Maye left the safety of her car and headed for the front door, which featured a giant carved relief of the face of a boxer. Wow, she thought, you really have to make sure your devotion to a breed isn’t a flight of fancy to chip away at your front door until the head of one pops out. Maye couldn’t find a doorbell, so she rapped her knuckles on the boxer’s forehead. For quite a while she heard only the barking of what sounded like numerous dogs, but as she was getting ready to rap on the door again, she detected a fair amount of shuffling from behind the door and finally heard a thin, nasally, crackly voice call out, a little slowly, “Hold your horses, would ya? I’m coming, I’m coming.”

Maye immediately thought she had gotten the time of their appointment wrong; the person behind the door sounded like she’d just awoken. She felt foolish, ashamed of herself for disturbing an old woman napping, even if it was in the middle of the afternoon.

But as the door with the head of the boxer swung back, an old woman was not standing behind it.

A wrinkled old crone was.

Maye was so stunned, surprised, shocked, that she was speechless and couldn’t find a thing to say or, for that matter, a tongue to say it with.

Now, to be fair, Maye hadn’t known what to expect when Ruby Spicer answered the door—she’d thought perhaps she would resemble Cynthia in her impeccable appearance, her perfect posture, and unmistakable grace, but this wasn’t exactly the case behind the boxer door number one. In the pictures Maye had seen, Ruby looked to be in her late teens to early twenties, vibrant, beautiful, and with a sparkle in her eye that suggested she was the kind of girl who wasn’t afraid to make a little bit of mischief if it meant a good story and a laugh later on.
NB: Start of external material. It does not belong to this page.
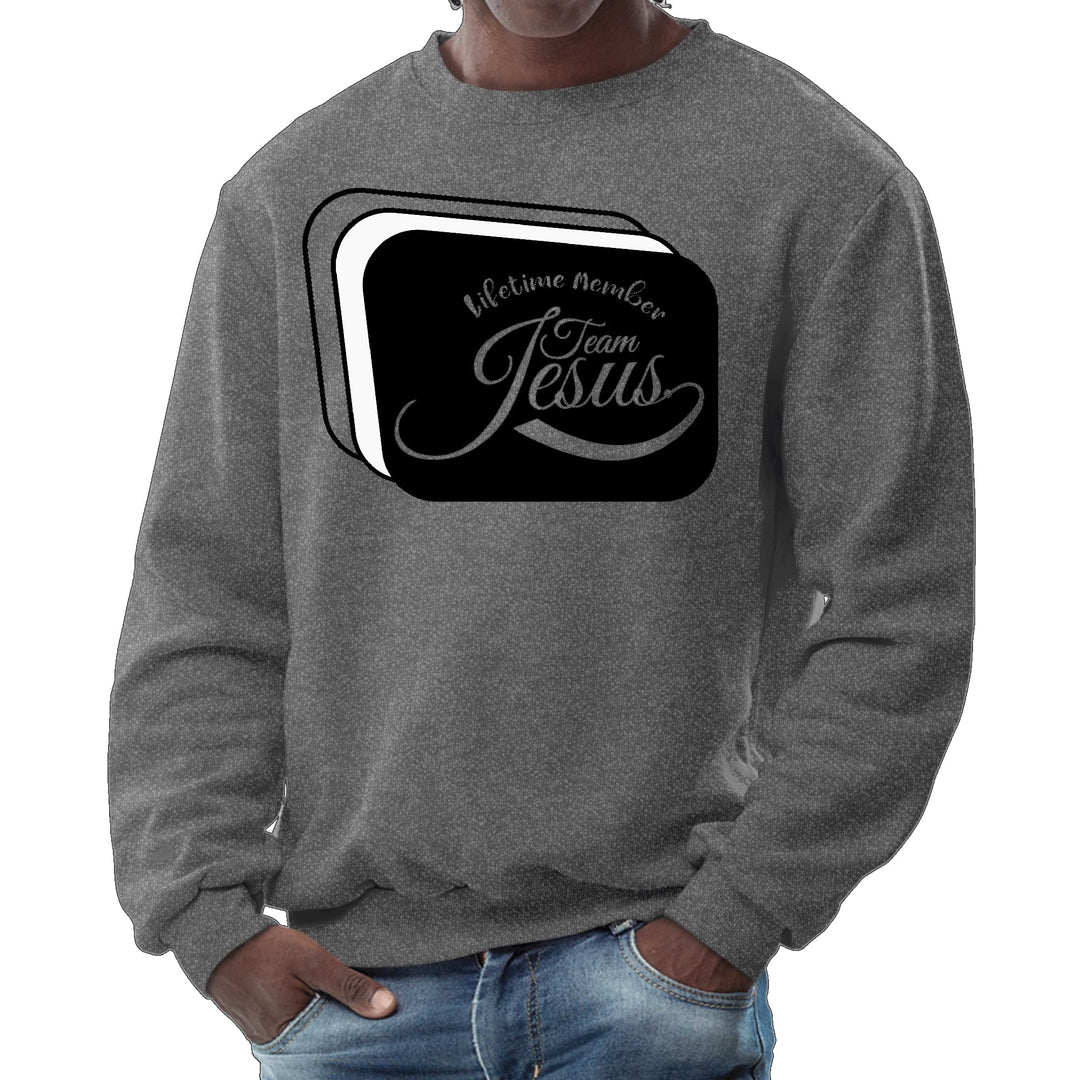 Mens Graphic Sweatshirt Lifetime Member Team Jesus - Mens | Sweatshirts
True, five decades had passed, but Maye couldn’t find any trace of that young woman in the old woman who stood before her.

That beauty queen plus fifty years had equaled a tiny, skinny, wilted, wrinkly, red-lipstick-encrusted old woman with fiery red hair and only one eyebrow—the remnant of a previous eyebrow had been singed as if in a brush fire, and she was sucking on a Viceroy cigarette, looking a lot like Bette Davis in
Burnt Offerings
but apparently way more drunk and not nearly as well kept.

“You called about the puppy?” the woman asked in a raspy voice, and after a moment, Maye nodded in the only form of communication available to her in that moment.

“Come on in,” the old bag said, stepping back so Maye could enter.

Maye tried to smile as she passed the biddy, but the combination of decades’ worth of cigarette smoke and the eau de doggie from the numerous boxers that were standing guard—even several who had come into the room since Maye’s arrival to evaluate the visitor—made smiling a challenging task indeed.

The crone, dressed in a yellow terrycloth sweat suit with several burn holes directly below the neckline, closed the door and motioned for Maye to sit on the couch. As she did, Maye looked up at the grungy yellow-stained walls, the stinky brown barkcloth curtains, and the mud-colored bald carpeting, all shellacked with a grimy, dull film of exhaled nicotine and exuding its coordinating smell. Christ, she thought, it’s like this woman is living inside of a diseased, shabby lung.

“So,” the woman said, lowering herself nearly to the ground and taking a seat on the floppy, disintegrating sofa that even Maye could feel the springs through despite her well-endowed derrière. “Have you ever had a boxer before?”

Maye shook her head.

“Well,” the woman said, taking a deep drag on her cigarette before continuing, “they’re very loyal, very strong, very smart, very tolerant around children. You can count on them. Excellent companions. Would you like to see the puppy now?”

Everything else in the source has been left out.